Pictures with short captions
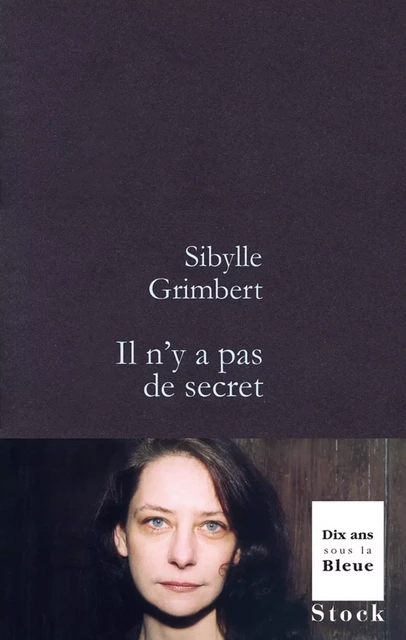 Il n'y a pas de secret - Sibylle Grimbert - Stock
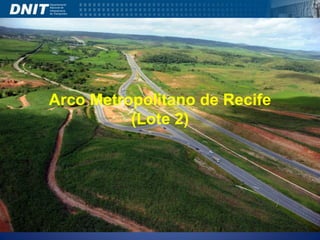 Arco Metropolitano de Recife 
(Lote 2) 
 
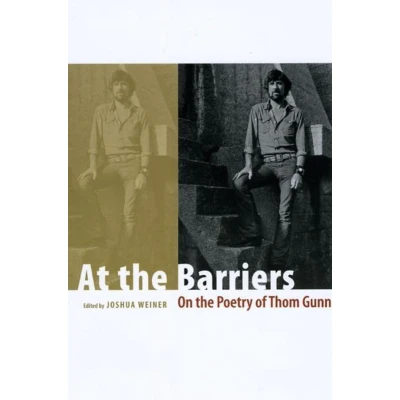 Afbeelding van At The Barriers On Poetry Of Thom Gunn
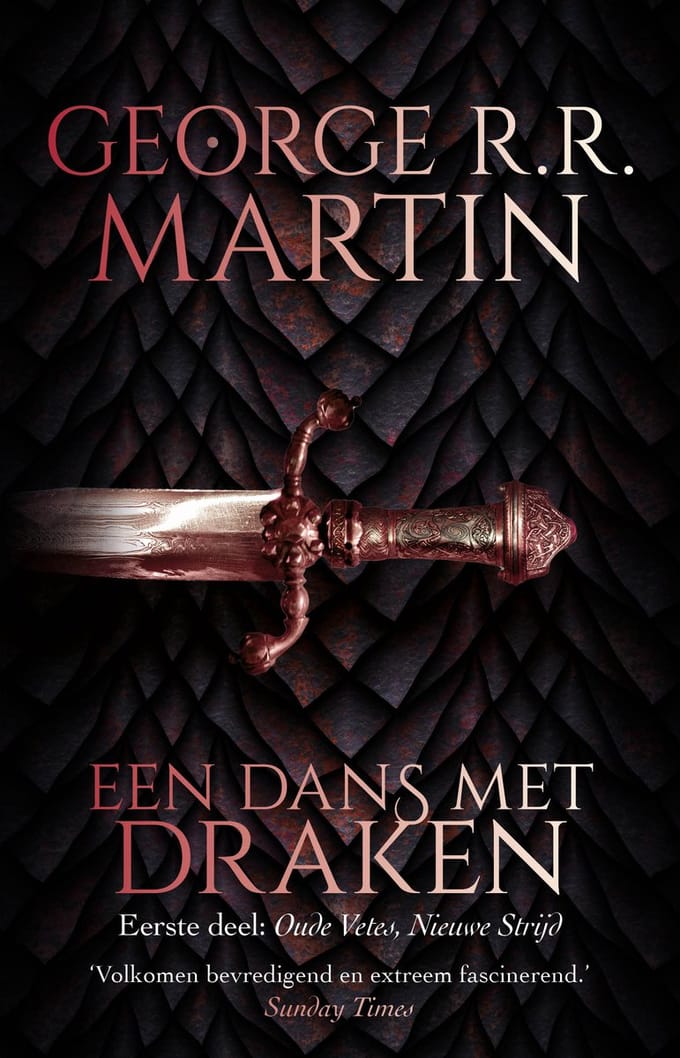 Een Dans Met Draken - Oude Vetes, Nieuwe Strijd - Het Lied Van Ijs En Vuur - George R.R. Martin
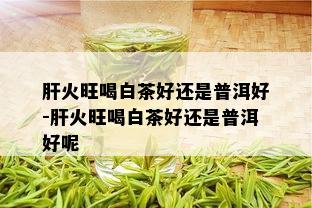 肝火旺喝白茶好还是普洱好-肝火旺喝白茶好还是普洱好呢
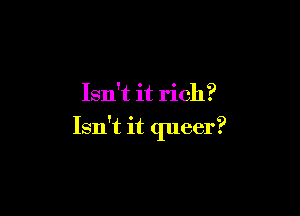 Isn't it rich?

Isn't it queer?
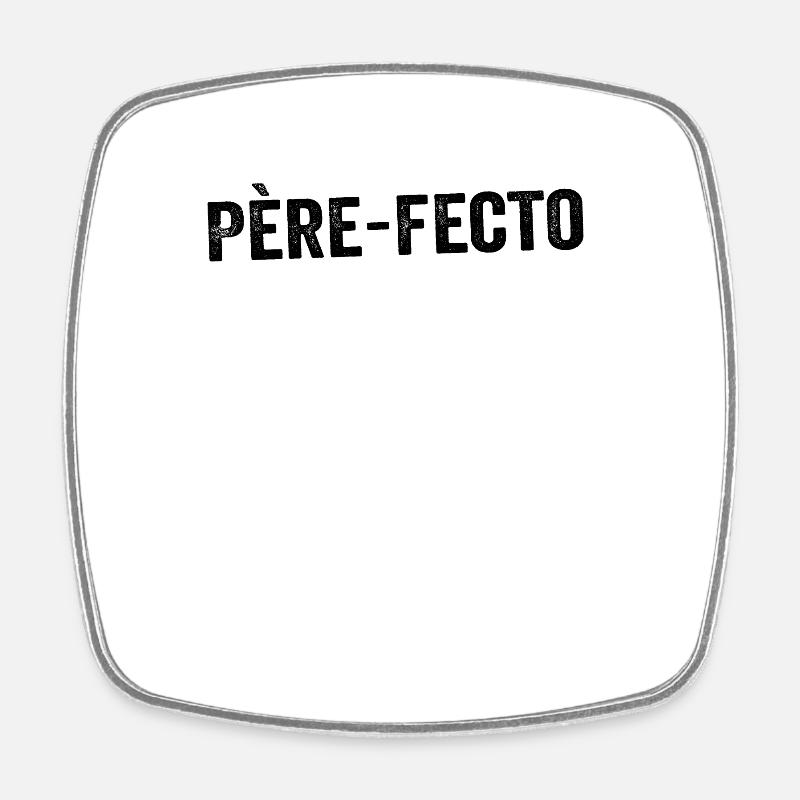 Père fect - Magnet carré - blanc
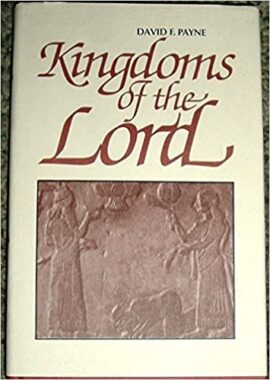 Kingdoms Of The Lord: A History Of The Hebrew Kingdoms From Saul To The Fall Of Jerusalem (used copy)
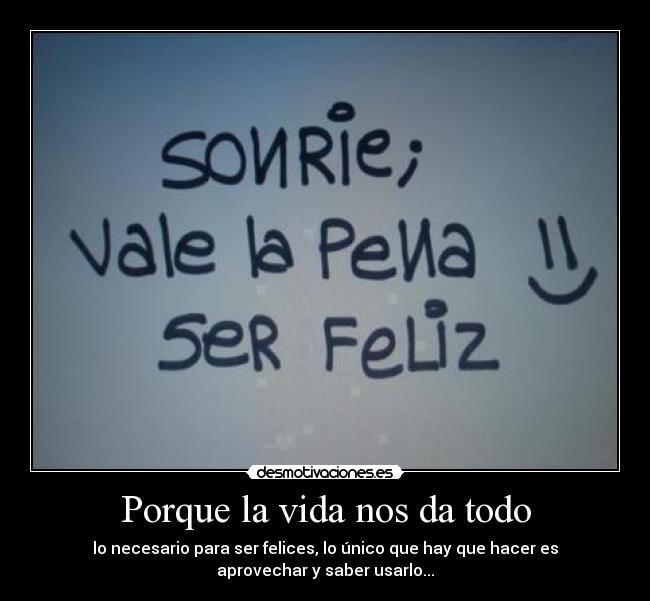 Porque la vida nos da todo - lo necesario para ser felices, lo único que hay que hacer es
aprovechar y saber usarlo...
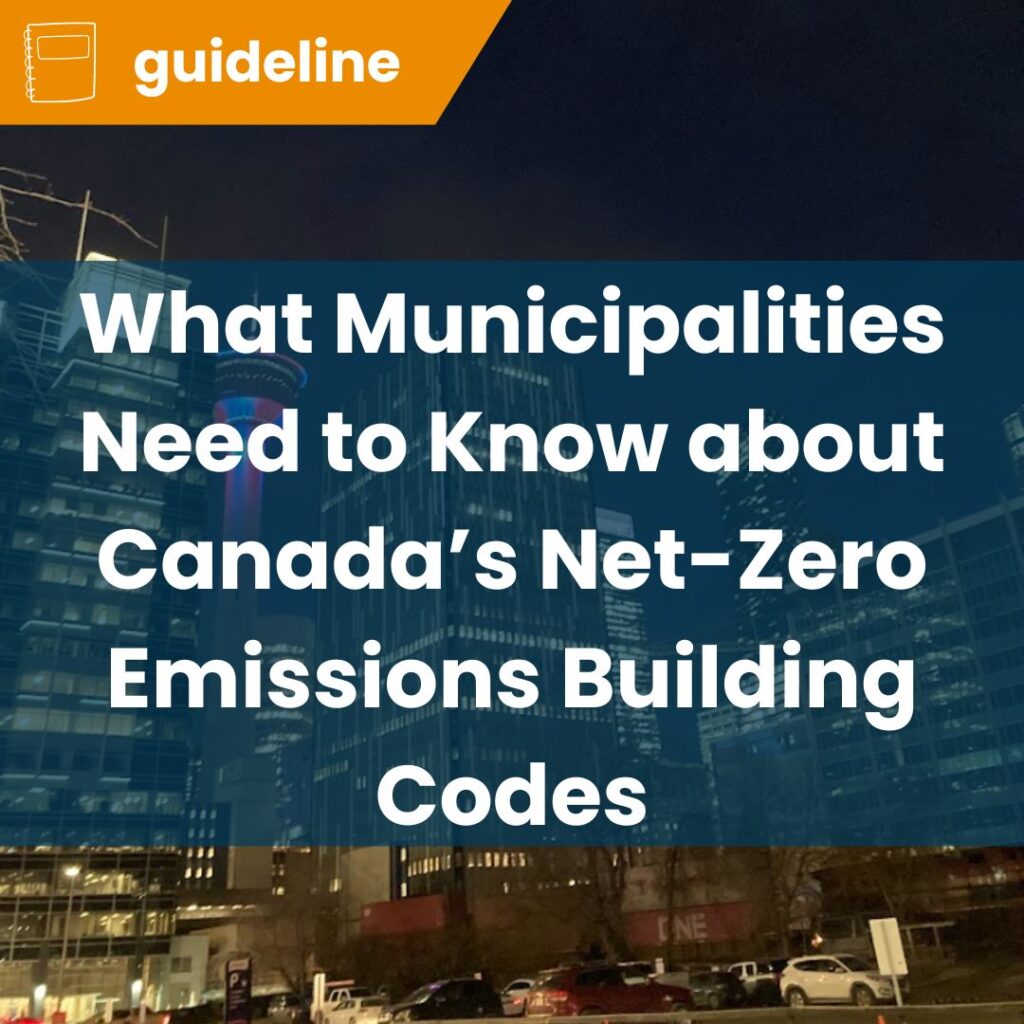 What Municipalities Need to Know about Canada’s Net-Zero Emissions Building Codes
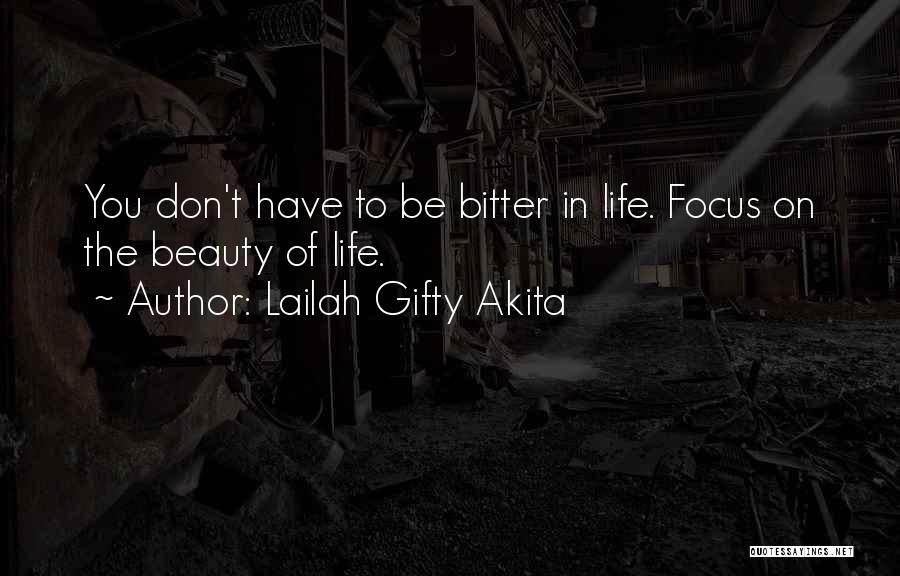 Lailah Gifty Akita Quotes: You Don't Have To Be Bitter In Life. Focus On The Beauty Of Life.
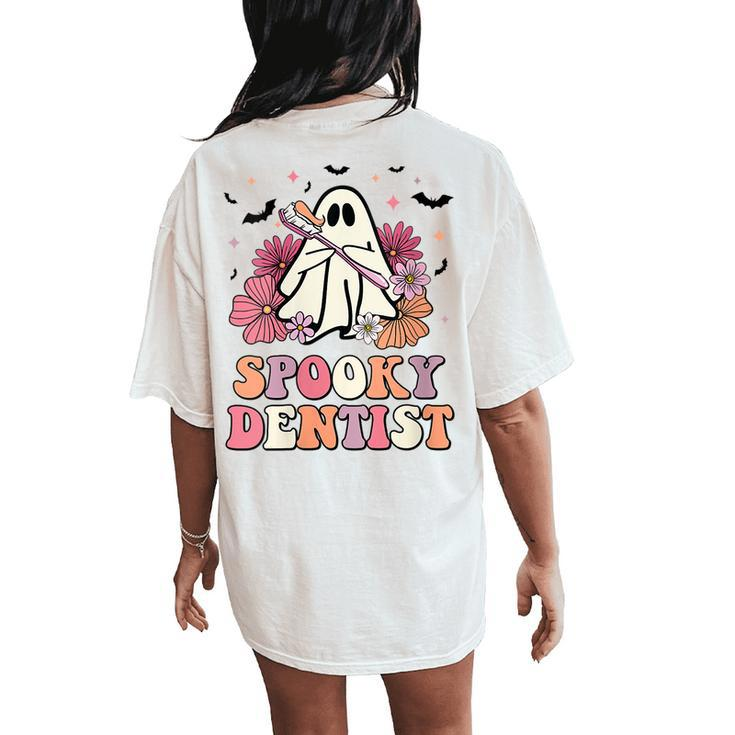 Spooky Dentist Ghost Halloween Dental Trick Or Th  Women Oversized Back Print Comfort T-shirt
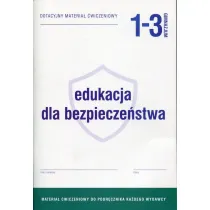 Edukacja dla bezpiecze�stwa 1-3. Dotacyjny materia� �wiczeniowy do podr�cznika ka�dego wydawcy. Gimnazjum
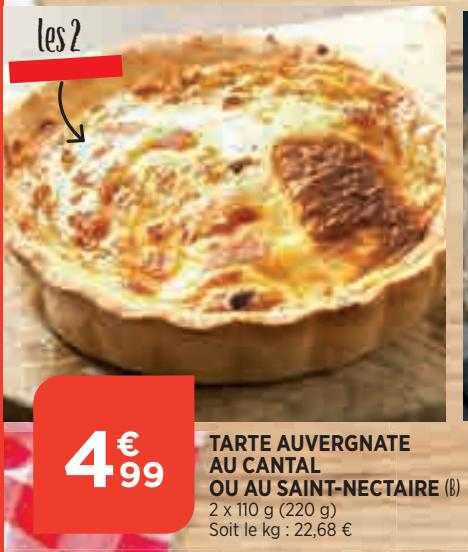 tarte auvergnate au cantal ou au saint-nectaire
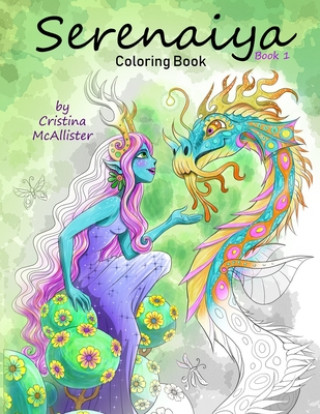 Könyv Serenaiya Coloring Book: Book 1 Cristina McAllister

**PROBLEM STATEMENT**
Every line above should be copied exactly; do not carry over the pictures.

**SOLUTION**
 Il n'y a pas de secret - Sibylle Grimbert - Stock
 Arco Metropolitano de Recife 
(Lote 2) 
 
 Afbeelding van At The Barriers On Poetry Of Thom Gunn
 Een Dans Met Draken - Oude Vetes, Nieuwe Strijd - Het Lied Van Ijs En Vuur - George R.R. Martin
 肝火旺喝白茶好还是普洱好-肝火旺喝白茶好还是普洱好呢
 Isn't it rich?

Isn't it queer?
 Père fect - Magnet carré - blanc
 Kingdoms Of The Lord: A History Of The Hebrew Kingdoms From Saul To The Fall Of Jerusalem (used copy)
 Porque la vida nos da todo - lo necesario para ser felices, lo único que hay que hacer es
aprovechar y saber usarlo...
 What Municipalities Need to Know about Canada’s Net-Zero Emissions Building Codes
 Lailah Gifty Akita Quotes: You Don't Have To Be Bitter In Life. Focus On The Beauty Of Life.
 Spooky Dentist Ghost Halloween Dental Trick Or Th  Women Oversized Back Print Comfort T-shirt
 Edukacja dla bezpiecze�stwa 1-3. Dotacyjny materia� �wiczeniowy do podr�cznika ka�dego wydawcy. Gimnazjum
 tarte auvergnate au cantal ou au saint-nectaire
 Könyv Serenaiya Coloring Book: Book 1 Cristina McAllister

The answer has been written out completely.